## Supplied records

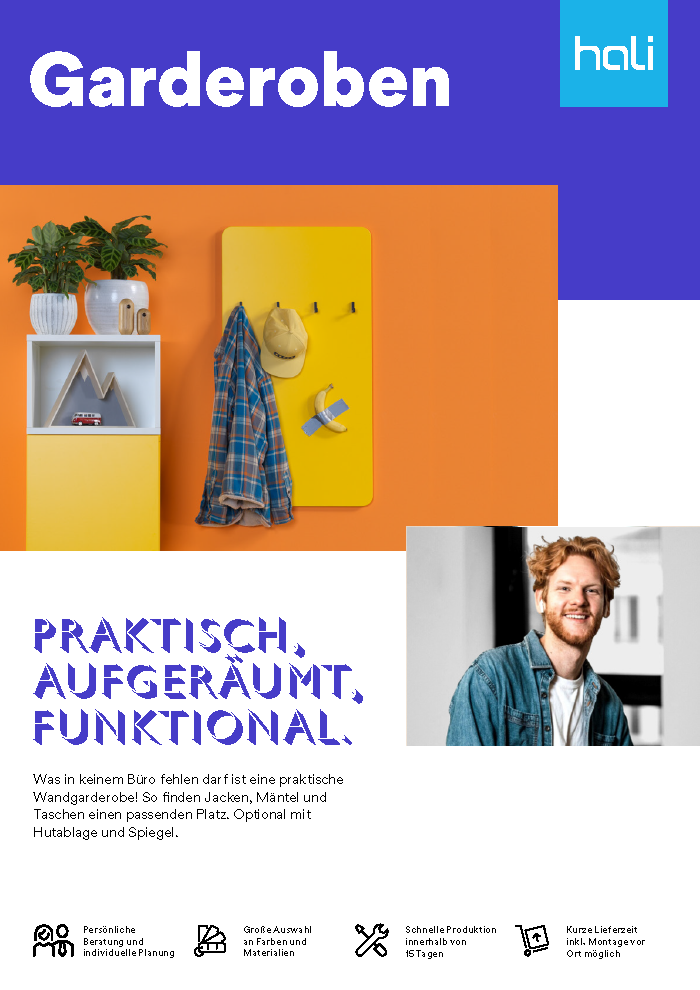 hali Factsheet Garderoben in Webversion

---

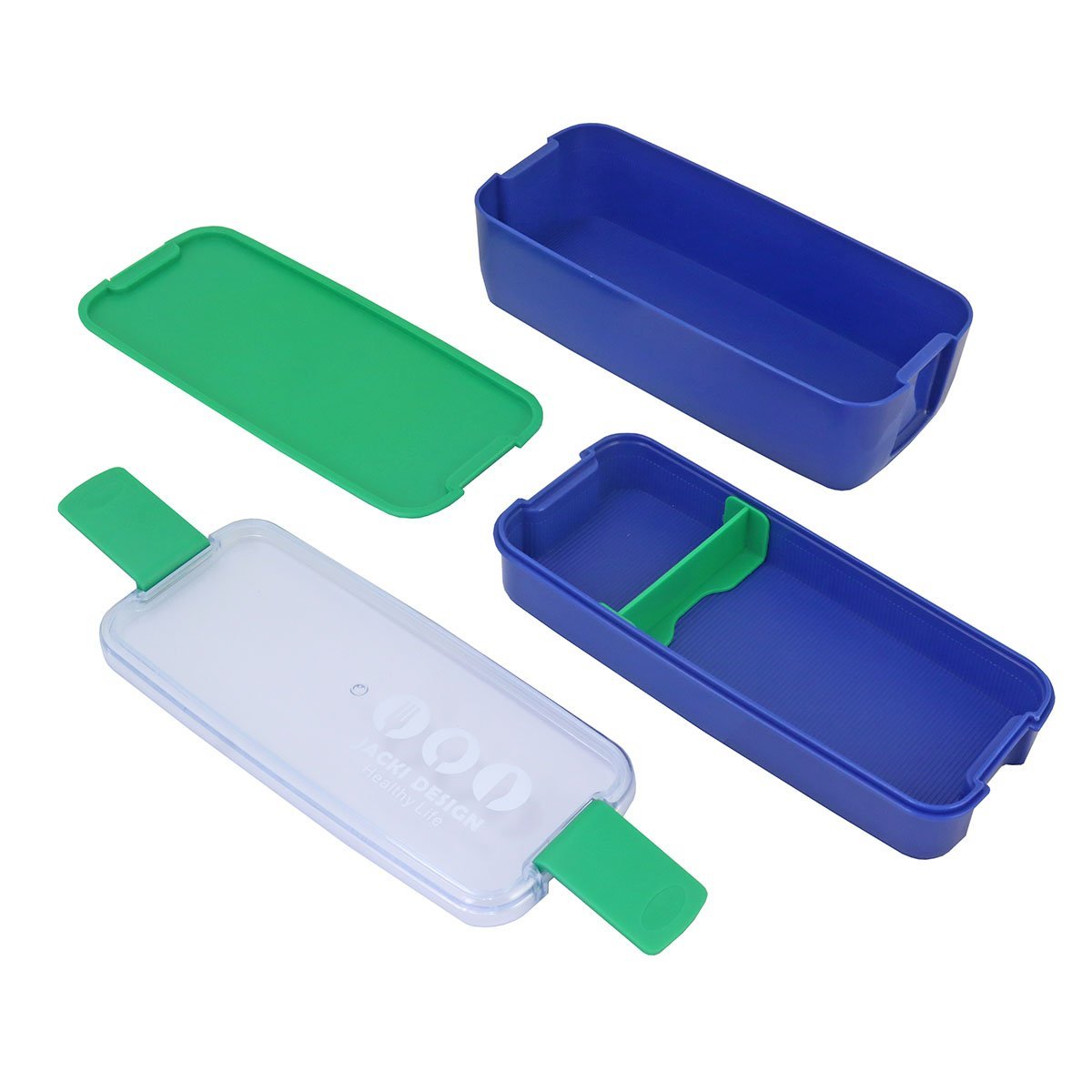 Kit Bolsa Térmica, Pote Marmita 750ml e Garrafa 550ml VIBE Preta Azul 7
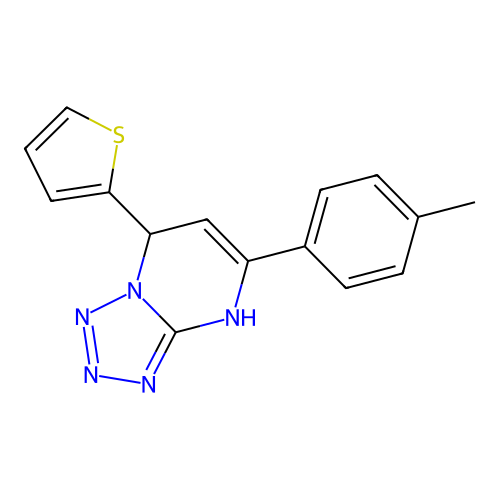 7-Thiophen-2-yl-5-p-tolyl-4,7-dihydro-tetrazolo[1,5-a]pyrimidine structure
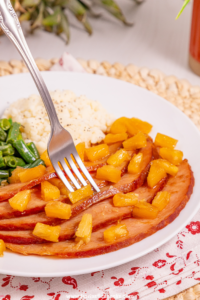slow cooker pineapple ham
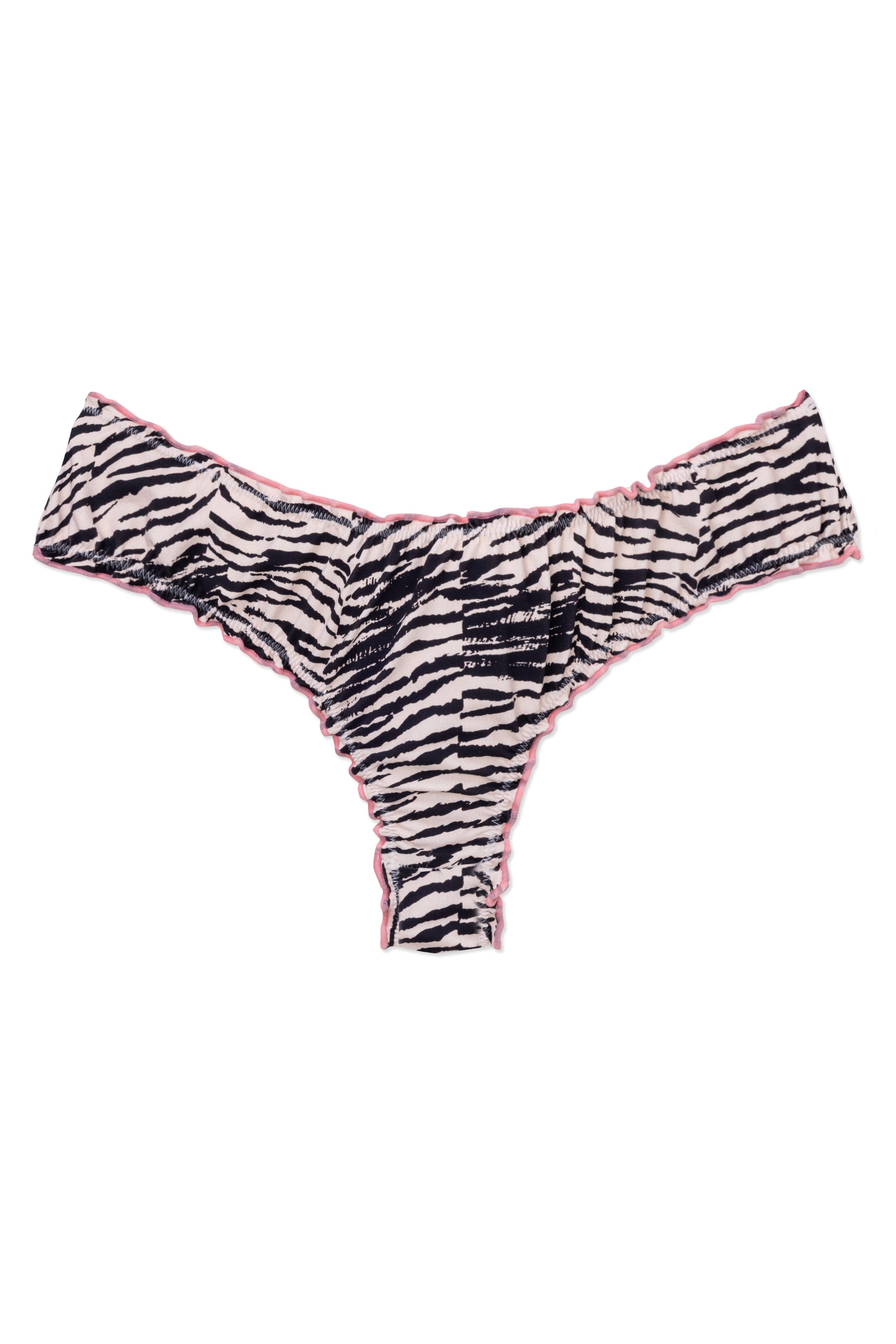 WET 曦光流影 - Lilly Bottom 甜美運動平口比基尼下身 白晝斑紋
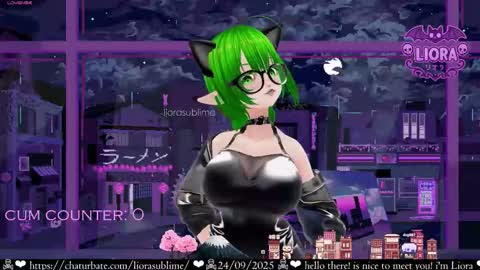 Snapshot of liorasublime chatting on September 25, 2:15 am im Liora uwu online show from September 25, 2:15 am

---

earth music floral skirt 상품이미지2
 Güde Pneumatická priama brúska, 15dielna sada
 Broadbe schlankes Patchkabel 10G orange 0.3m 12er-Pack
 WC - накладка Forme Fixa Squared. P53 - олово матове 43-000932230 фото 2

## What is required
Out of the records above, please copy exactly the lines from the line with "Kit Bolsa Térmica, Pote" up to and including the line with "Snapshot of liorasublime", minus the pictures.

## Reply
 Kit Bolsa Térmica, Pote Marmita 750ml e Garrafa 550ml VIBE Preta Azul 7
 7-Thiophen-2-yl-5-p-tolyl-4,7-dihydro-tetrazolo[1,5-a]pyrimidine structure
slow cooker pineapple ham
 WET 曦光流影 - Lilly Bottom 甜美運動平口比基尼下身 白晝斑紋
 Snapshot of liorasublime chatting on September 25, 2:15 am im Liora uwu online show from September 25, 2:15 am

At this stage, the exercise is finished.